WASHINGTON -- I'm on the phone with Cindy Adams, octogenarian gossip columnist for the New York Post. Cindy graciously agreed to talk to me to discuss her recent column describing Washington as a filthy-dirty, disreputable city.
Oh, wait. I'm not on the phone with her, because she declined to be interviewed. She wouldn't even take my call. So I couldn't ask her about her column titled "Nation's crap-ital" in which she recounts a recent drive into the city and claims to have encountered neighborhoods that were "smelly," "murky," "putrid" and "vile." "The area's a sewer," she wrote.
So, alas, no interview. All I have are the questions I was going to ask her. Here they are:
I mean no disrespect, Cindy, and please don't take this the wrong way, but might you have accidentally gotten off at Philadelphia and not realized it?
I ask this because I was born in New York City and lived there for exactly 22 years, and have lived in the District of Columbia now for exactly 22 years, making me something of an authority on the two cities' comparative virtues. To me, a New Yorker complaining that Washington is dirty is kind of like a cockroach complaining that a kitten is disgusting.
Cindy, I make fun of Washington all the time, but I do it because it is the opposite of dirty. It's as though we took a city and surgically removed all the grit. Washington is spit-shined. People are annoyingly polite and genteel. Nobody jaywalks. The homeless wear spats. You can eat off the sidewalk; indeed, many fine restaurants encourage it. Whereas -- and I mean no disrespect to your city -- New York smells of stale pee, with a fresh pee chaser.

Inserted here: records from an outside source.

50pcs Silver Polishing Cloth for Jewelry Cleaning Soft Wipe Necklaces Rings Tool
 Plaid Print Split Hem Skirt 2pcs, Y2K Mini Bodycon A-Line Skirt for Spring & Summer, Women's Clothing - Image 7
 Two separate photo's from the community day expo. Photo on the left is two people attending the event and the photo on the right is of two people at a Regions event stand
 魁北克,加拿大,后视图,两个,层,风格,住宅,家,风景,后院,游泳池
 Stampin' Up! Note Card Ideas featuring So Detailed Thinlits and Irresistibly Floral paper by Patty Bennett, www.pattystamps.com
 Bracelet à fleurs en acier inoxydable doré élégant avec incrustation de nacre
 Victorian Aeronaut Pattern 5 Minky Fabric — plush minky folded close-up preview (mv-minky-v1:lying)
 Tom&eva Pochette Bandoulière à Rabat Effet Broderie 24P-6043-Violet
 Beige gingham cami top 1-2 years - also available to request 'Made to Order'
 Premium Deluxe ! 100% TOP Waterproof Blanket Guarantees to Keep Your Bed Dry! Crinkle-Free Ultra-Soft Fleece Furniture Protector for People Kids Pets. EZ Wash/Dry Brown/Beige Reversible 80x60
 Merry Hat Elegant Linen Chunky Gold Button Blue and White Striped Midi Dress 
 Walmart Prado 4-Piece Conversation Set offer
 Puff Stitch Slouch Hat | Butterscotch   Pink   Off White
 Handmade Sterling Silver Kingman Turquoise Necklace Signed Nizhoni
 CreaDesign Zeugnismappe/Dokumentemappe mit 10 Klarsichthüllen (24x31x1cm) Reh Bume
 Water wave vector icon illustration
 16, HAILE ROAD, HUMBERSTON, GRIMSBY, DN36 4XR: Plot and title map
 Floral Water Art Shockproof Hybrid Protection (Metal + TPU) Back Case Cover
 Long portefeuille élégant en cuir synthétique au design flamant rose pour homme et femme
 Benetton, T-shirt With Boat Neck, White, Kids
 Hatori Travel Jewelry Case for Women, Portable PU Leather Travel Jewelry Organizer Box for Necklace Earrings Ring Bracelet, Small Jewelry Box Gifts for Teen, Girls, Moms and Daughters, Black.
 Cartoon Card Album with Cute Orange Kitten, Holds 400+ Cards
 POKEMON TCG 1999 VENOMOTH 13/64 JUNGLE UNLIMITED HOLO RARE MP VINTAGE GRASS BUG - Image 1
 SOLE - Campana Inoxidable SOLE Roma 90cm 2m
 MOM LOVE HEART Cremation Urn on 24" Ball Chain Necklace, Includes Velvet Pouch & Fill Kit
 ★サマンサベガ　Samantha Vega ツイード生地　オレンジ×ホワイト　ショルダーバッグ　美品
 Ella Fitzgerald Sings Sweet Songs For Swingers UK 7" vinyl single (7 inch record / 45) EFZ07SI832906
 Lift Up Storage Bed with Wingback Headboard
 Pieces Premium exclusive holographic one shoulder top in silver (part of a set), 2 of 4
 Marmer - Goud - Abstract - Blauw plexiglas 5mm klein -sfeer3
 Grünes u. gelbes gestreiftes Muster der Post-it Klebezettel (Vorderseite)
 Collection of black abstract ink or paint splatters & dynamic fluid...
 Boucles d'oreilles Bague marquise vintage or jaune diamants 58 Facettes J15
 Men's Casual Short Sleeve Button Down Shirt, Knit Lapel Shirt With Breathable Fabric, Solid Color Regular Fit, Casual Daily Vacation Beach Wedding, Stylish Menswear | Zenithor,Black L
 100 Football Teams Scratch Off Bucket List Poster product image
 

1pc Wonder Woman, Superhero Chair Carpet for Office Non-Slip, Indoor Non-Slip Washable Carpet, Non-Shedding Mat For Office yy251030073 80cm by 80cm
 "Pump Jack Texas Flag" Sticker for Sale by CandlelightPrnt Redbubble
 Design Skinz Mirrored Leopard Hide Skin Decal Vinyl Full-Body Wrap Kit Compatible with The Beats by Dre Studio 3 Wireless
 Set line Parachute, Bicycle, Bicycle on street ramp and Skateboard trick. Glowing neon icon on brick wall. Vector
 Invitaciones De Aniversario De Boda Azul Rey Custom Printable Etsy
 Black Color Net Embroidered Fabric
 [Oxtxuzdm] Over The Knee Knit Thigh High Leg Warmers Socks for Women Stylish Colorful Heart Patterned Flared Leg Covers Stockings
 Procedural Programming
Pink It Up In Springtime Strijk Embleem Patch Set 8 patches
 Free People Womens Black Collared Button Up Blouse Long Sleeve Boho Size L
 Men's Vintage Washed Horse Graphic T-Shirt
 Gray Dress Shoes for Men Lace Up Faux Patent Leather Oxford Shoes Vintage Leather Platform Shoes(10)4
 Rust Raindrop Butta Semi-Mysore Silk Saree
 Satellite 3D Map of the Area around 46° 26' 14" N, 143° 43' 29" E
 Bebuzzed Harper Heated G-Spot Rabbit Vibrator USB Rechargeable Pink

New York sidewalks are famously filled with "oysters," which is a New York expression that so far as I know exists nowhere else; nor does the colloquial verb "hock" because nowhere else are ambient street loogies -- "oysters" -- so flagrantly hocked.
Travel and Leisure magazine recently called New York the dirtiest city in the country. Washington was a distant, pristine 12th. I note that New York's infrastructure is now literally made of garbage: The Daily News has coined the term "trash towers" to describe those ubiquitous railroad overpass trellises that have been packed with pedestrians' litter from ground level to the height of a basketball dunk.
Recent news stories reveal that rats swarm your subways to the point that the city has eliminated subway trash baskets in the hopes the rats would go elsewhere for their nourishment -- only they didn't, they just hunkered down in greater numbers to feast on the junk people instead threw onto the railbeds, because, really, without garbage pails, what else would a New Yorker do with his chicken bone?
Cindy, I ask you: What did you see here? How did you drive in?
The consensus among bewildered Washingtonians I've spoken with is that you probably took Route 50 and got off on New York Avenue, which is not particularly elegant. But it's also not a fair way of assessing the place. It's like looking only at the veiny viscera under Scarlett Johansson's tongue, and concluding she's hideous. It's like reviewing a restaurant by foraging from the dumpster out back. It's like reviewing a fashion show while on your back on the floor next to the runway, and concluding the models were showing too much thigh. It's like dismissing a columnist as a clueless crank based only on one column she wrote, which would be unfair, so I've read several.
You see what I am saying, Cindy? Maybe I'm wrong, but I think your column on Washington was a lazy, silly, stupid thing. We really should discuss it. Give me a call. I won't take it.